The four plaintiffs involved in the challenge, all of whom are disabled, consider the consultation to be unlawful as the survey design prevented them from effectively communicating their experiences. The survey was completed in April.
“My concern is, we only have one chance,” said Lord Shinkwin, who has repeatedly voiced concerns about strategy and described some of the polls as disrespectful.
He said: “Nothing I’ve heard suggests that the strategy, which is expected to be released soon, will be much more than window dressing, regardless of the inevitable turn of Whitehall.

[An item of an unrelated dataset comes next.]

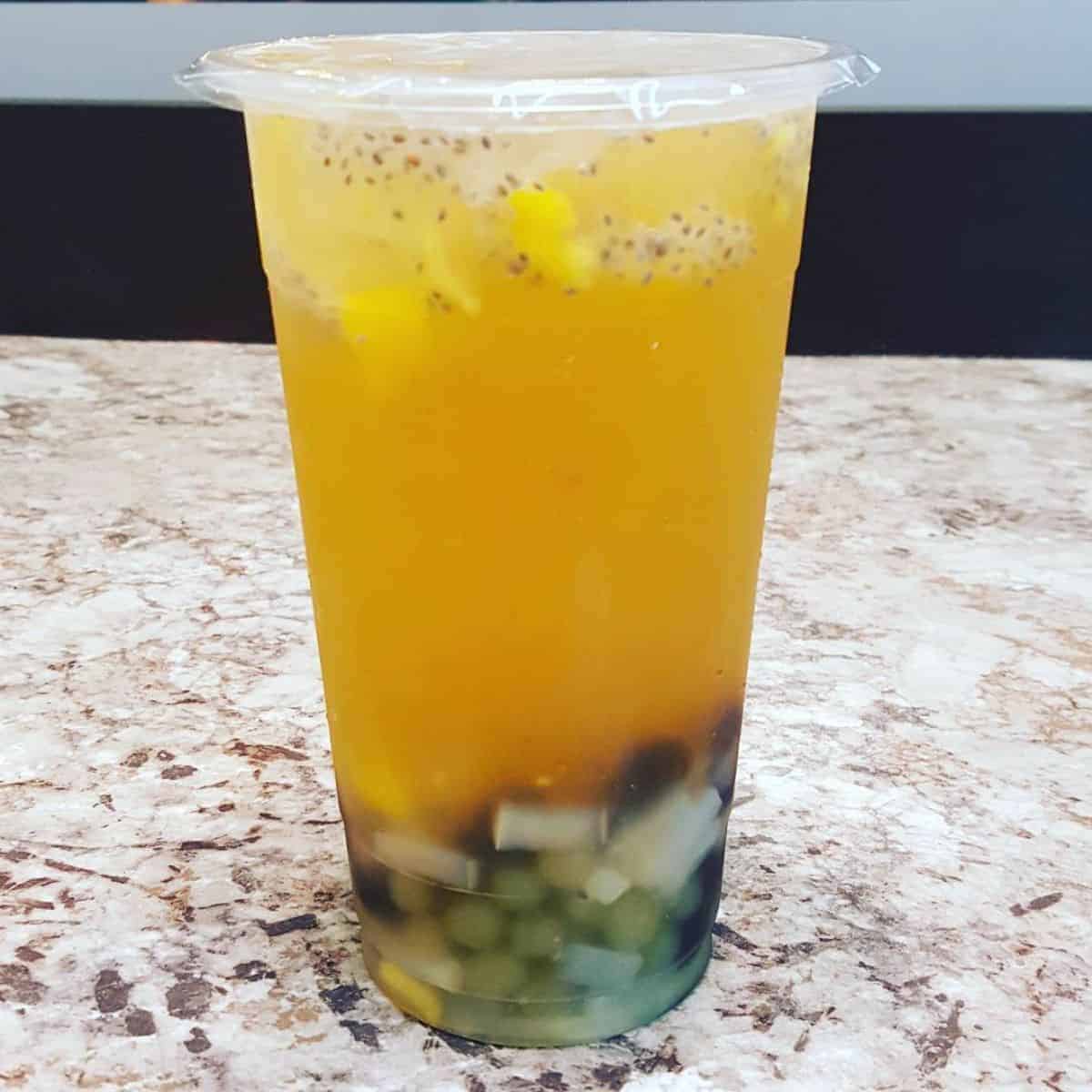 Cold boba drink with lychee, mango bits, passion fruit, and jelly.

“If the strategy of landing well with disabled people had really been important to them, they would have consulted us respectfully and on an equal footing. They don’t because they don’t see us that way. “
Fazilet Hadi, policy director for the nonprofit charity Disability Rights UK, said organizations run by disabled people “the government’s failure to engage with them are extremely critical of strategy”.
Ministers, she said, should see the strategy “as a first step in transforming society and start a thorough program of working with disabled people to learn how the strategy should be implemented and what other gaps need to be filled”.
James Taylor, Director of Strategy at Scope, added: “During the pandemic, disabled people felt forgotten. We now have the opportunity to put disabled people at the center of our construction to ensure we have a society that works for everyone.
“What we need is a coherent, well-funded, long-term strategy that enables all disabled people to reach their full potential.”
The government said, “We are absolutely committed to improving the lives of people with disabilities, and the National Strategy for People with Disabilities will set an ambitious intergovernmental plan for the future, removing barriers and creating a fully inclusive society.
“We conducted the largest disability policy listening exercise in recent history, with over 15,000 responses to our survey, to ensure that disabled people’s views and lived experiences are reflected and that their priorities are taken into account.”